The Kentucky Department of Agriculture is suing the U.S. Drug Enforcement Administration and other federal authorities in a fight over hemp seeds. Here's a look at why officials who had planned to be at a farm Friday will instead be in a courtroom.

What is hemp?

On the plant that makes the marijuana flower, hemp is the portion that contains only tiny amounts of the psychoactive chemical compound THC, which fuels the “high” of the popular drug.

Farmers have harvested hemp to weave cloth from its fibers and make food from its seeds. But those farmers have had to do their digging outside the U.S. since the country outlawed marijuana and its cousins in 1937 during the “reefer madness” era.

Alhough Kentucky says industrial hemp poses zero potential for drug abuse, federal authorities consider it a top-level narcotic whose domestic cultivation is banned. Imports of paper, clothing, rope and cosmetics made from hemp are OK.

In February, President Obama signed into law a measure allowing academic researchers to grow and market hemp in states that authorize it. The research is meant to inform lawmakers on whether commercial production should be legalized.

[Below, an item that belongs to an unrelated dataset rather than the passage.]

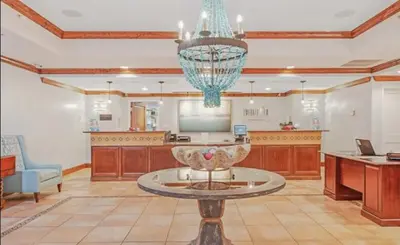 a large living room with a table in the middle at Sandy Feet Retreat 3 bed 3 bath in Panama City Beach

What is Kentucky trying to do?

Days after the federal law was signed, Kentucky announced plans to start about a dozen pilot projects to plant about an acre each of hemp. It’s now one of 14 states that have authorized hemp research, according to the advocacy group Vote Hemp. The others are California, Colorado, Hawaii, Indiana, Maine, Montana, Nebraska, North Dakota, Oregon, Utah, Vermont, Washington and West Virginia

Kentucky bought 250 pounds of Italian seeds and planned to have researchers start planting them in late May, when conditions are perfect. They're hoping to learn which seeds thrive in which soils and what equipment best harvests the coarse stalks.

What did the DEA do?

As the seed shipment recently made its way to the Kentucky Department of Agriculture, U.S. Customs and Border Protection officers put a hold on the package at a UPS facility at Louisville International Airport, according to the state.  

The DEA’s position is that states are free to start testing hemp crops. But a separate law in place since 1970 says no one can import hemp seeds without getting a permit that classifies them as drug importers. In a letter this week, the DEA said it would take only a few days to process permits for the state’s Agriculture Department and its associated universities.

Why doesn’t the state get the permit?

Agriculture officials say it would be too burdensome and is unnecessary given the new law.

Holly VonLuehrte, chief of staff for the state agriculture commissioner, told the Los Angeles Times that the DEA had refused to list the responsibilities that would come with the permit.

Under a permit, VonLuehrte said, Kentucky suspects it would be required to protect crops with barbed-wired fences and other costly security measures.

“We could’ve gone through all this before," she said. "What was the point of the farm bill [signed by the president] if they want to make us go through this now?"

The state sued because it wants a federal judge to confirm its assertion that the new law supersedes all others on the books.

“We just need someone to settle the law so no other state has to deal with what Kentucky has been through,” VonLuehrte said. “Right now, the law is whatever the DEA says it is.”

The DEA wrote in a letter this week: “Our position is based on the well-settled principle that repeals of existing statutes by implication are not favored. Where, as here, there is a reasonable way to harmonize the new law with the existing law so as to give effect to both, this is the preferred approach.”

What’s next?

The U.S. District Court in Louisville scheduled a preliminary hearing in the state’s case for Friday afternoon.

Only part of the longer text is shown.